When I exit X windows, instead of dropping to the command line, the screen turns off. Is there a setting I am missing?


----------



## George (Mar 20, 2020)

Do you use a window manager? Did you load any graphics drivers? What version of FreeBSD? Take a look at /var/log/Xorg.0.log

Can you switch the console after the screen turns off, with "Ctrl+Alt+F2", or "Alt+F2" ?


----------



## munocat (Mar 20, 2020)

Elazar said:


> Do you use a window manager? Did you load any graphics drivers? What version of FreeBSD? Take a look at


Version 12.1 RELEASE

I have fvwm and I get the same with twm. My graphic driver is NVidia, I looked in the log file the last 2 lines



> [  2054.652] (II) NVIDIA(GPU-0): Deleting GPU-0
> [  2054.678] (II) Server terminated successfully (0). Closing log file.

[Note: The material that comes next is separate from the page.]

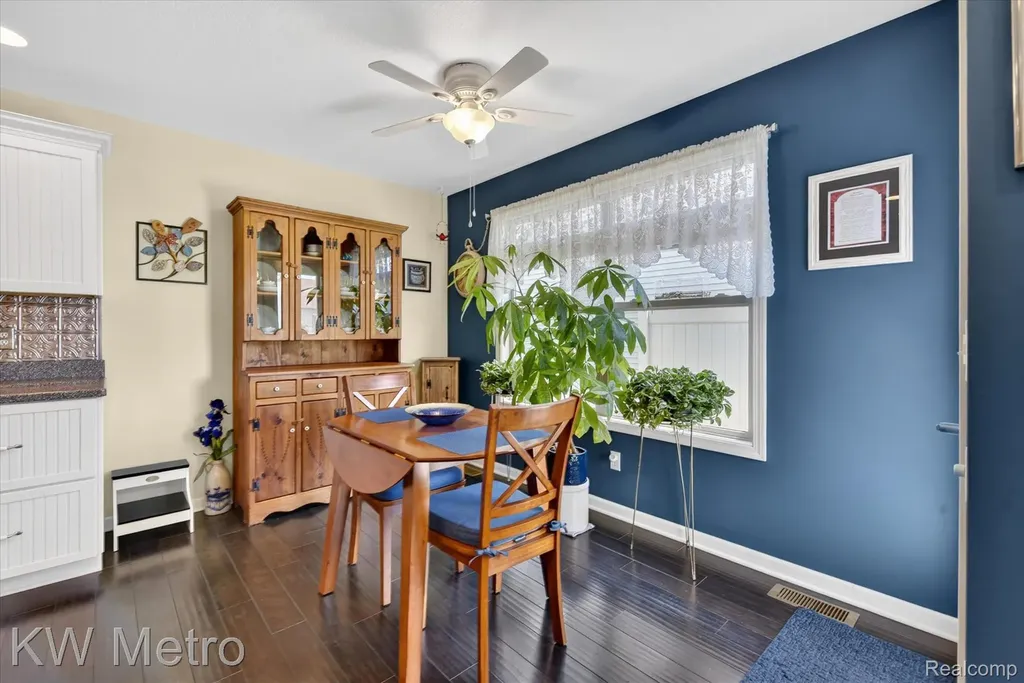 717 Koreys Circle Blissfield Village MI 49228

I cannot switch to console either, if I try to switch the console while in X, screen switches of cannot switch back, after the screen turns off. My only way is then to ssh into the system and reboot.


----------



## George (Mar 21, 2020)

It is probably nvidia related, since Xorg just exits fine.
I searched bugzilla (maybe this? switching back to sc(4) or vt(4) console fails with nvidia.ko ).

Someone there suggests adding hw.vga.textmode=1 to /boot/loader.conf. Or update the nvidia driver. Or try the sc console instead of vt.


----------



## Raffeale (Mar 21, 2020)

maybe you open the securelevel>0 ,so it caused when you logout, try to disable securelevel


----------



## munocat (Mar 21, 2020)

Elazar said:


> It is probably nvidia related



I tried the suggested, did not make a difference. I also tried switching to sc from vt, but this just hand the main console, I still can ssh in. I read that bug thread. It seems like this is a bug (NVidia) which probably will never get fixed for this computer.

I am planing on running xdm on these systems. I will attempt to see if this will solve my problems. 

Thank you once again for your help.


----------